The Imperfective Paradox in Large Language Models
Bolei Ma, Yusuke Miyao
TL;DR
This work investigates whether large language models truly understand the compositional semantics of events or rely on surface heuristics. By introducing ImperfectiveNLI, a diagnostic dataset that contrasts telic and atelic verbs under interrupted and ambiguous contexts, the authors reveal a pervasive Teleological Bias in open-weight LLMs, where progressives often imply completion for goal-directed actions. Prompting strategies can mitigate this bias but induce calibration costs, and the bias arises at inference time despite separable internal representations of process versus result, suggesting a need for Aspect-Aware Alignment rather than purely prompting-based fixes. The results emphasize non-linear emergent aspectual reasoning with model scale and highlight the importance of fine-grained verb semantics, underscoring the gap between linguistic aspectual theory and current neural reasoning capabilities. The work advocates building structurally grounded aspectual reasoning into LLMs to achieve faithful event semantics beyond predictive narrative capabilities.
Abstract
Do Large Language Models (LLMs) genuinely grasp the compositional semantics of events, or do they rely on surface-level probabilistic heuristics? We investigate the Imperfective Paradox, a logical phenomenon where the past progressive aspect entails event realization for activities (e.g., running $\to$ ran) but not for accomplishments (e.g., building $\nrightarrow$ built). We introduce ImperfectiveNLI, a diagnostic dataset designed to probe this distinction across diverse semantic classes. Evaluating state-of-the-art open-weight models, we uncover a pervasive Teleological Bias: models systematically hallucinate completion for goal-oriented events, often overriding explicit textual negation.
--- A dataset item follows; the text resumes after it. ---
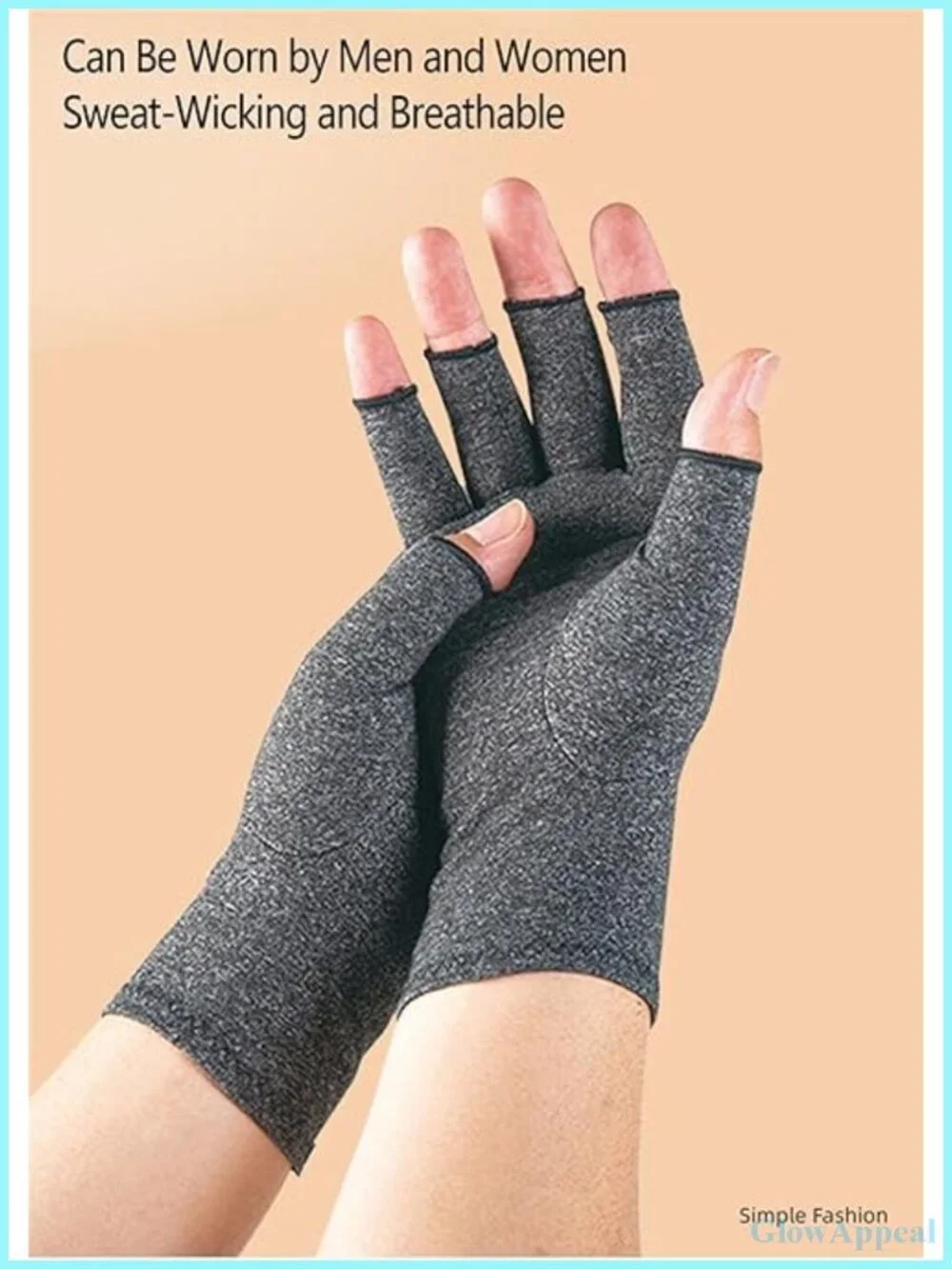 Compression Gloves for Arthritis, Cotton Spandex, Open Fingertip, Pain Relief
Representational analyses show that while internal embeddings often distinguish process from result, inference decisions are dominated by strong priors about goal attainment. We further find that prompting-based interventions reduce hallucinated completions but also increase incorrect rejections of valid entailments. Our findings suggest that current LLMs lack structural aspectual awareness, operating as predictive narrative engines rather than faithful logical reasoners.